If you’re thinking of moving to Unified Communications, the first question on your mind is probably “How much is this all going to cost me?” Fortunately, the answer is much less than you expect, and you’ll gain so much more in terms of productivity and collaboration that it will justify your investment.

 
Saving Money and Time with VoIP and UC
 
UC is not in itself a new technology but as the term “unified” suggests, an integration of technologies you’re already using: telephony, instant messaging, and email. Many organizations consider UC when upgrading from traditional wire line telephony to VoIP enterprise phone systems.
 
CI&T deployed an NEC UC solution and found that it was not only cheaper than the old VoiP system, but improved productivity and customer satisfaction as well.
 
While there are inevitable up-front capital expenditure costs, such as for the enterprise phone systems, routers, PBXes, and so on, a lot of companies find that switching to VoIP saves them a lot of money in the long run.
 
 
One of the biggest ways that VoIP by itself saves money is the elimination of long distance phone charges. Why do you think so many people took to Skype even before Microsoft announced it was rebranding Lync as Skype for Business?
 
With SIP trunking, calls throughout an organization can be centralized. You don’t even have to install a VoIP PBX on your premises, but can opt for a hosted PBX if you don’t want the hassle of a physical installation. VoIP maintenance is also done almost completely in software, so technicians don’t have to deal with clunky old phone systems. 
 
CI&T found that the biggest improvement was in the quality of the communications between the company and its clients. 
 
The main upfront costs come from software licenses, including for the server and database licenses as well as the licenses for the VoIP itself.
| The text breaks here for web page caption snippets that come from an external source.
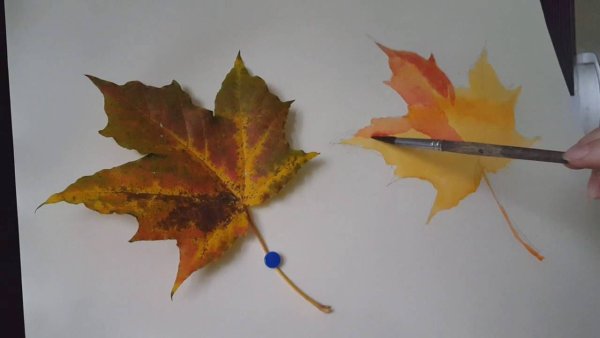 Клиновые листы на ветке акварель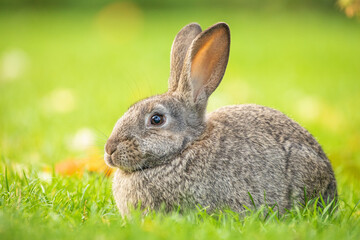 Easter gray rabbit on the green grass.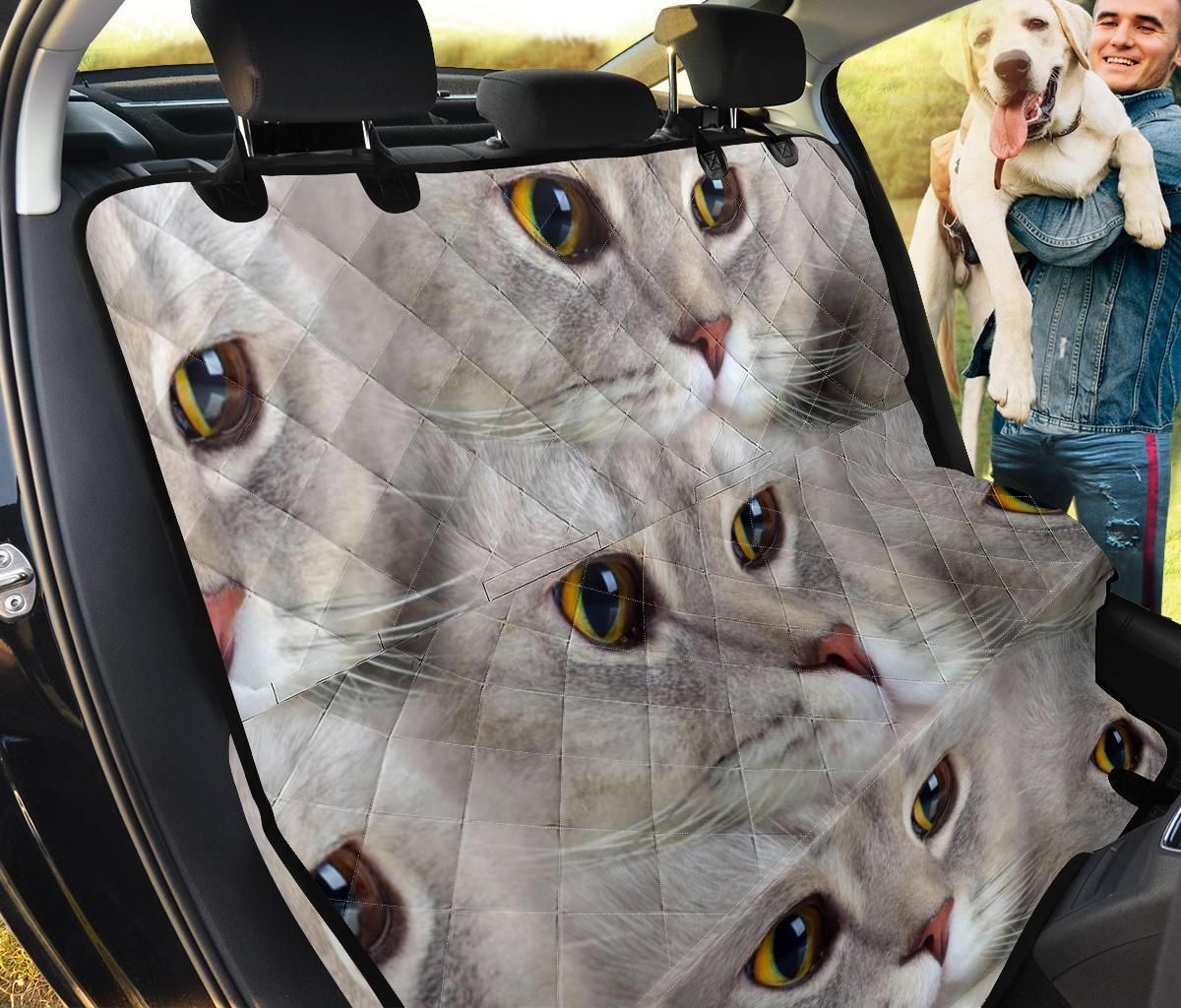 Face Of Scottish Fold Car Back Seat Cover Dog Car Seat Covers - 3b4d22b2b9d6 Face Of Scottish Fold Car Back Seat Cover Dog Car Seat Covers - 3b4d22b2b9d6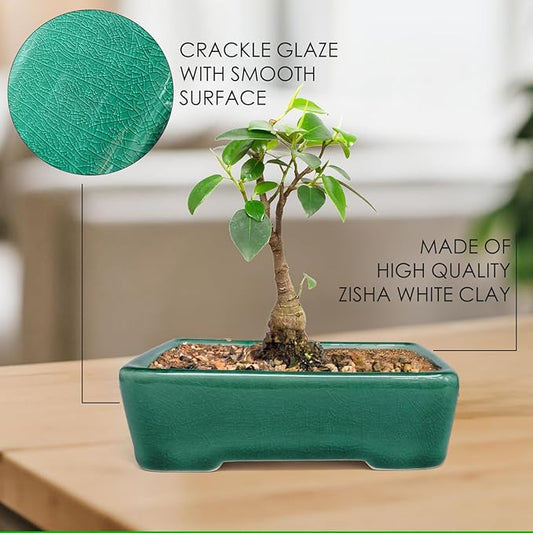 Set of 2 Zisha White Clay Bonsai Pot Glazed Shallow Succulent Planter Green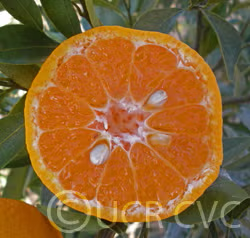 Avana Apireno Mandarin Budwood citrus plant material online shopping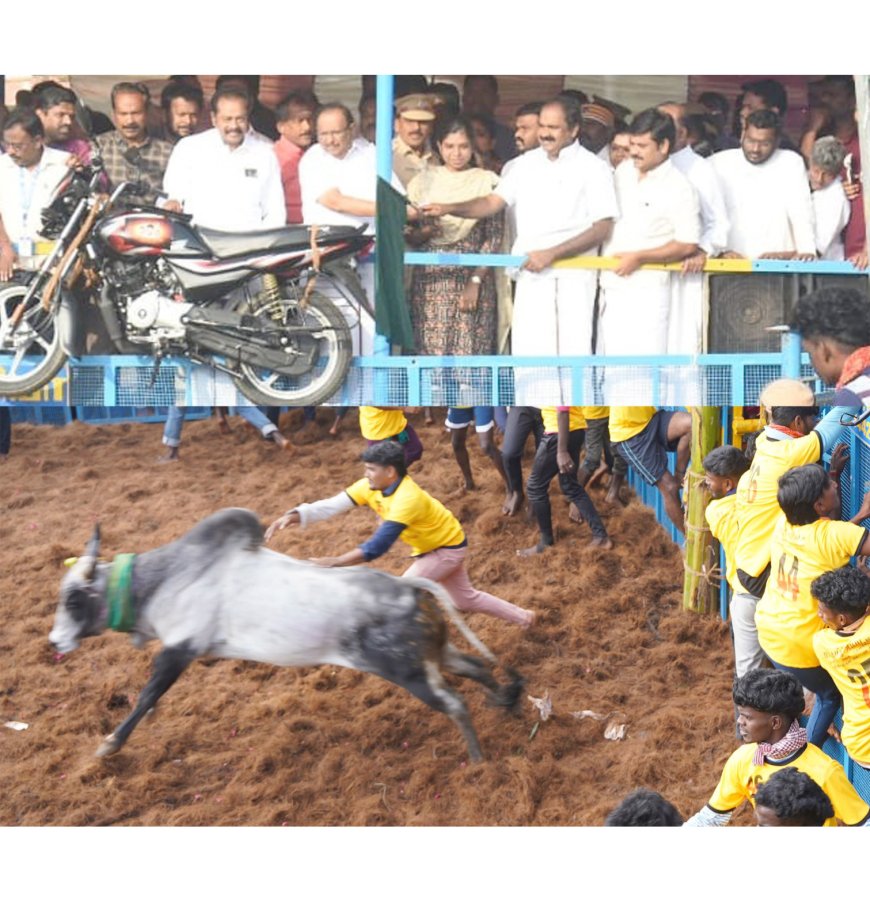 தச்சங்குறிச்சியில் ஜல்லிக்கட்டுப் போட்டி... அமைச்சர்கள் துவக்கி வைத்தனர்..!!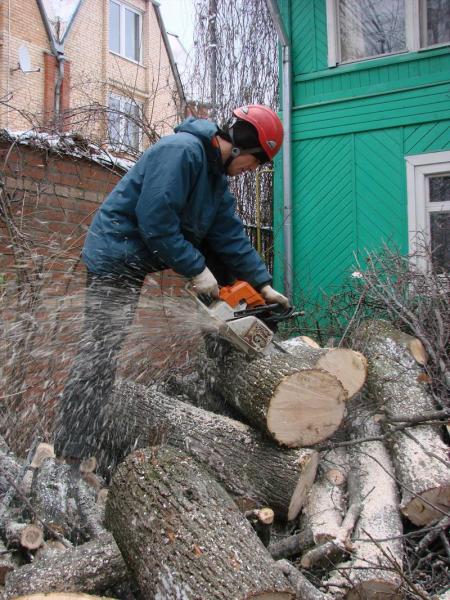 Владимир:  Спил и обрезка деревьев в Бахчисарае!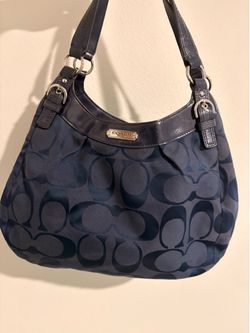 Coach y2k bag (no trades)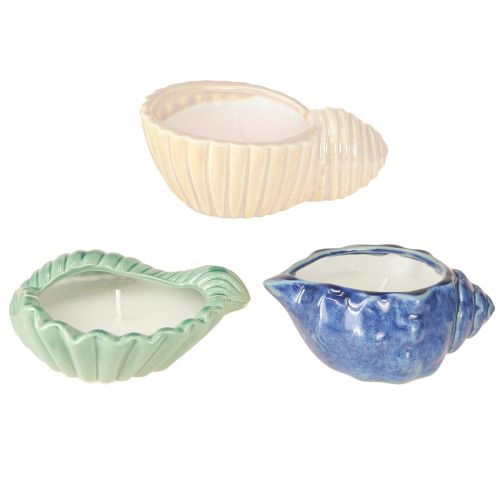 Floristik24 Citronella Kerze Muschel Keramik Outdoor Kerze 14cm 3St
The hardware is another significant investment. There are gateways, enterprise phone systems, and analog connections to purchase. 
 
Coming back to UC, when a company has decided to adopt VoIP, since the phone service is coming from the same wire the Internet does, it makes sense to further integrate phone and Internet.
 
UC systems integrate presence, which shows who in an organization is available. If one employee needs to call another, she can see if that person is available from the contacts list and make a call or instant message immediately instead of playing “phone tag,” saving a lot of wasted time.
 
Looking to the Future
 
As more people adopt mobile devices, UC looks like a good solution for handling business communication needs. Smartphones and tablets allow for a mobile workforce, whether your employees work in the Houston area or halfway across the world. 
 
Cloud-based UC systems are making virtual companies without physical offices more viable. You could dispense with office space, with the rent, electricity, heating and cooling costs altogether. You would offset these costs to your employees, especially if they were supplying their own devices. 
 
While the core of UC is voice and instant messaging, a number of other new features will pay off in the long run. Social media and SMS integration will attract more Millennials to your workforce, and videoconferencing will save a lot of money on travel costs.
 
Switching to VoIP and UC will deliver benefits that far outweigh the initial costs in terms of ease of connectivity, productivity and the ability to communicate with people across the hall or across the world.